The Figma deal attracted attention perhaps also because it came at the “right time”. A few weeks earlier, US President Joe Biden caused controversy when he revealed his plan to write off about $500 billion in student debt, sparking a global debate about the value of higher education. Since 1980, the cost of higher education has nearly tripled in the US, leaving many students with six-figure loan repayments. Before Biden’s aid package, student debt had hit $1.7 trillion, making it the largest source of household debt besides mortgages. Student debt in the UK has also doubled to $182 billion in just five years.

Unsurprisingly, tuition fees have become a “bitter front” in the culture war. Because of that, the story of the guy dropping out of college and turning the PayPal billionaire’s capital into a $2 billion fortune attracted the attention of many people.

Keith Rabois, a well-known technology investor and former colleague of Thiel, posted on Twitter: “Over the past decade, there have been about 250-300 receiving Thiel support. They easily create more value than all the NYU, Columbia, Penn, Brown, and Cornell graduates combined.”

Danielle Strachman – managing partner of 1517Fund, an investment fund sponsored by billionaire Peter Thiel, shared that they are pleased that many people have begun to think about the educational model outside of university. Previously, Danielle and CEO Michael Gibson helped launch the Thiel Fellowship in 2010.

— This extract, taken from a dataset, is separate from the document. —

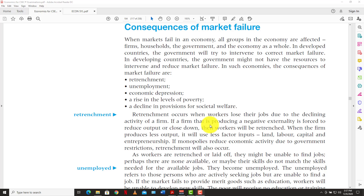Welcome back to LearnSKN. Today we're going to pick up from where we left off in this economics video. The last video we looked at the definition of market failure and then we looked at the causes of market failure. Now today we are going to be looking at some of the consequences of market failure. In most cases the government has to be the one who would step in and correct the failures of the market.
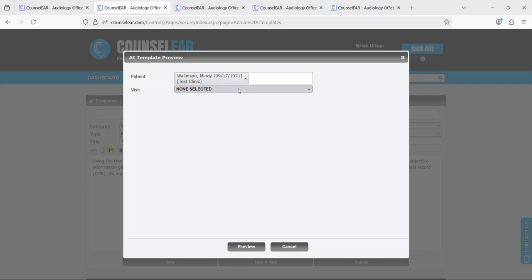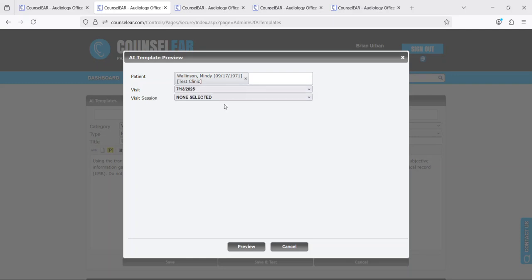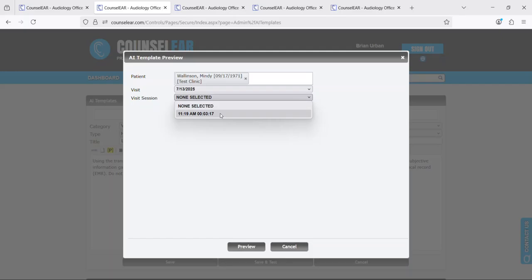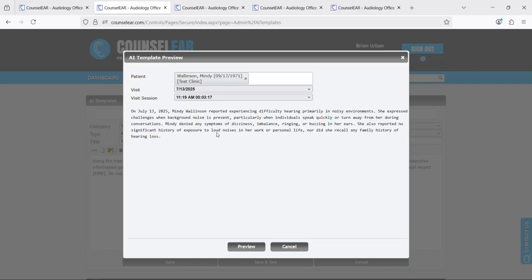So this might be a session that you just created on your own, doesn't have to be a real patient encounter where you say, okay we created this test, now I want to test it against that session. So there we go and now you can see a preview of what the template will do with the text, with the template that was added.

“When we first launched the program, questioning the idea of ​​dropping out of college to start a business was completely alien and monstrous,” she said. “A big part of the show is just opening the conversation: Is college the only path for young people? And when we started building and launching the program, what we really wanted to do was change stereotypes.”

However, the foundation took years to assert its contributions. In 2013, Larry Summers, a former Harvard president and US Secretary of the Treasury, dismissed the program as “the biggest philanthropy mistake of this decade”.

Today, some of the young entrepreneurs who received the grant, such as Field, are beginning to see their hard work bear fruit. The Figma deal set a record as the highest price ever paid to a private tech startup, surpassing the $19 billion Facebook paid for WhatsApp.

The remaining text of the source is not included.